■ The task: The output should be the listing below, limited to the lines from the one with "China 095000-7460 New" through the one with "The Gift Label | Candle Tin 90g - Big Hug", exact and without pictures.

■ Data for review:
┄┄┄┄┄┄┄┄┄┄
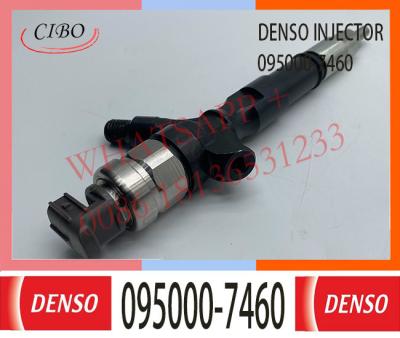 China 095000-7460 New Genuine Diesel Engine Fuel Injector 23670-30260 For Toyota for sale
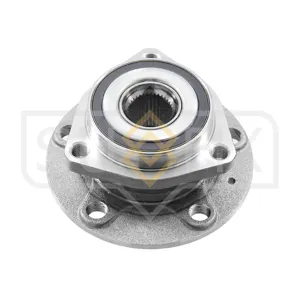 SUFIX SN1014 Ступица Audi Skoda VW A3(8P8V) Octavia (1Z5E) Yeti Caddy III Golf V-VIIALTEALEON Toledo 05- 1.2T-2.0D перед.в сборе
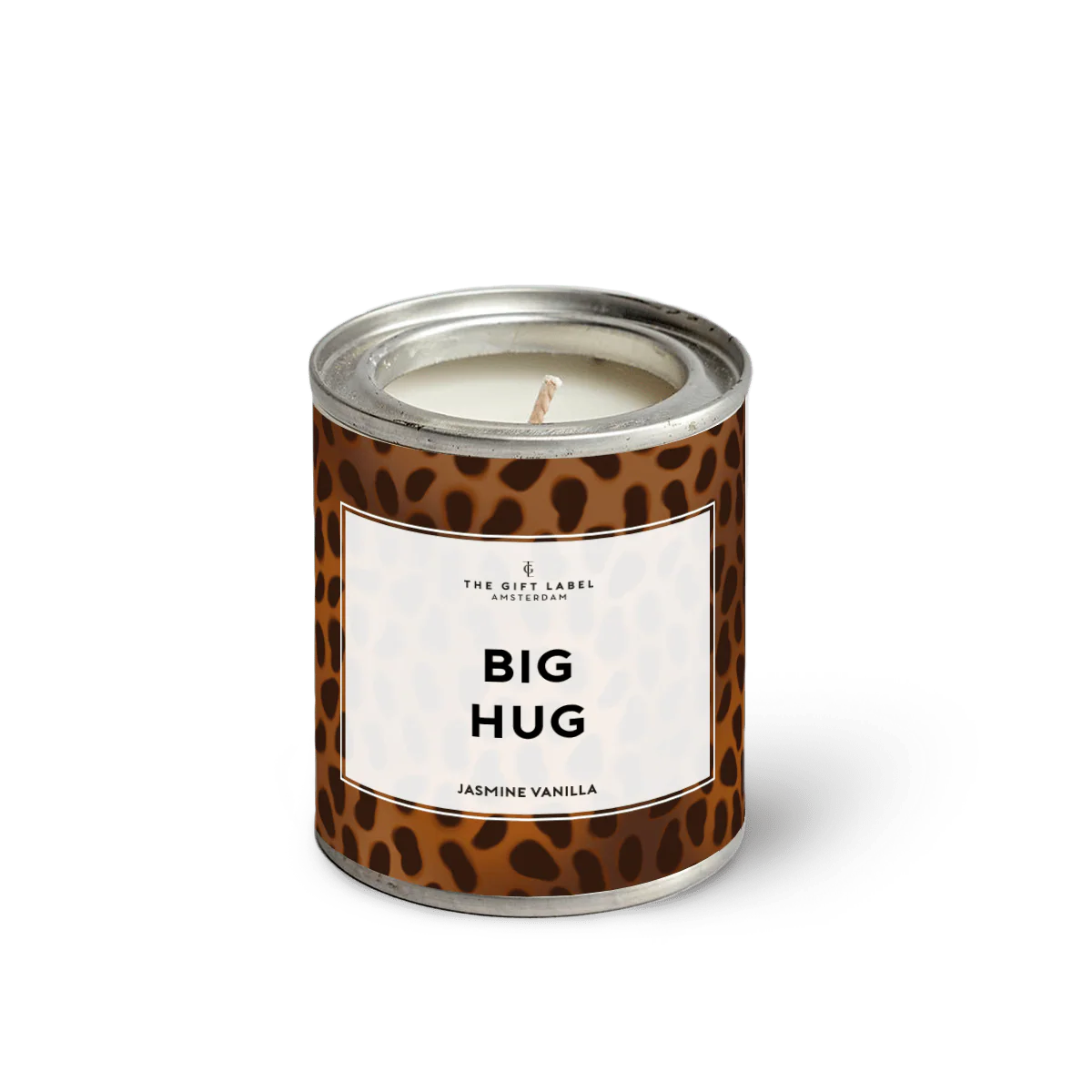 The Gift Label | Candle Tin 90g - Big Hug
┄┄┄┄┄┄┄┄┄┄
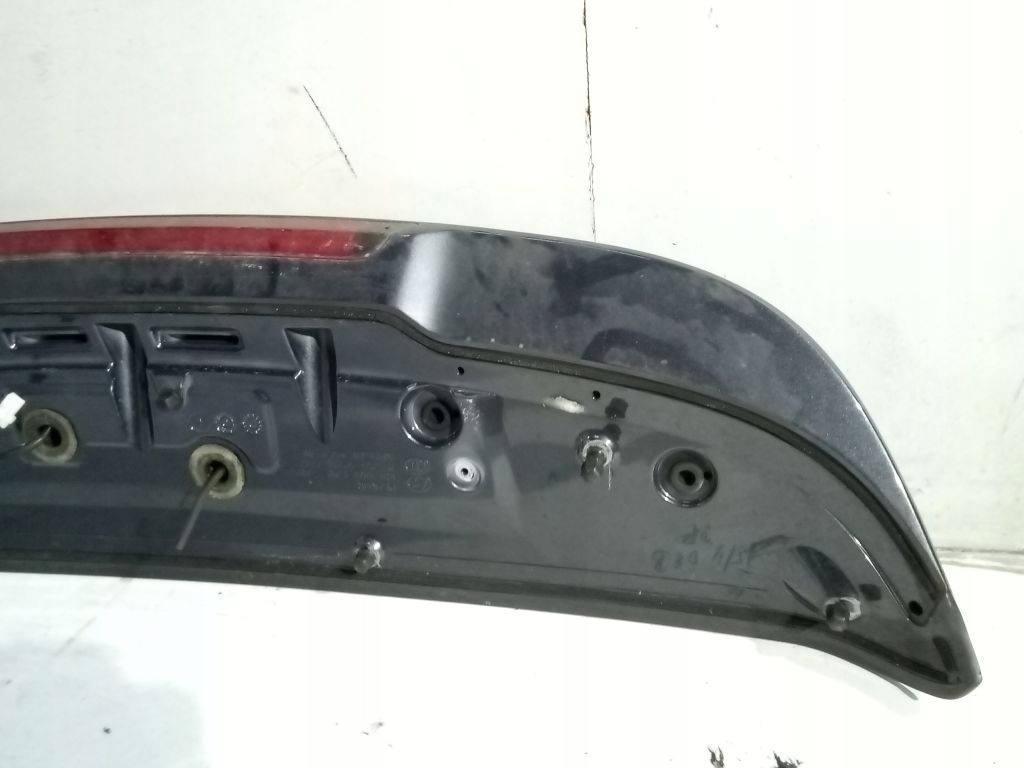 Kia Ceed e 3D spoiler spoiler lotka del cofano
┄┄┄┄┄┄┄┄┄┄
■ Your response:
 China 095000-7460 New Genuine Diesel Engine Fuel Injector 23670-30260 For Toyota for sale
 SUFIX SN1014 Ступица Audi Skoda VW A3(8P8V) Octavia (1Z5E) Yeti Caddy III Golf V-VIIALTEALEON Toledo 05- 1.2T-2.0D перед.в сборе
 The Gift Label | Candle Tin 90g - Big Hug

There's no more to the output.